But U.S. District Judge Saundra Armstrong said Friday there is not enough scientific evidence to prove the salmon need more water at this time.

Dan Keppen, executive director of the Klamath Water Users Asssociation that represented farmers at the Oakland hearing, said in a statement they were pleased with the ruling.

Kristen Boyles, an attorney for the Pacific Coast Federation of Fishermen's Associations that filed the suit, said a decision about whether to appeal the judge's ruling would not be made until she sees the written ruling.

"The sad part is, we have salmon being stranded right now. We have fish being rescued," she said.  In March, Interior Secretary Gale Norton and Agriculture Secretary Ann Veneman told the Bureau of Reclamation to begin full irrigation deliveries to the 1,400 farms on the Klamath Reclamation Project, straddling the state line east of the Cascade Range.

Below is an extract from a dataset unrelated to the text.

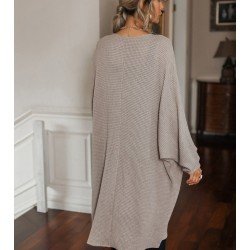 Cozy Solid Bat Sleeve Long Sweater Cardigan Coats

They were responding to pleas from farmers who experienced a shortage of irrigation water last year due to record drought. Last year, the bureau sharply cut back irrigation to maintain water levels set under the Endangered Species Act for endangered suckers in Upper Klamath Lake and threatened coho salmon in the Klamath River.

The suit claimed springtime flows for the Klamath River this year have been as little as 60 percent of the water required for salmon to survive, and  sought an increase to at least the same amount that was provided last year.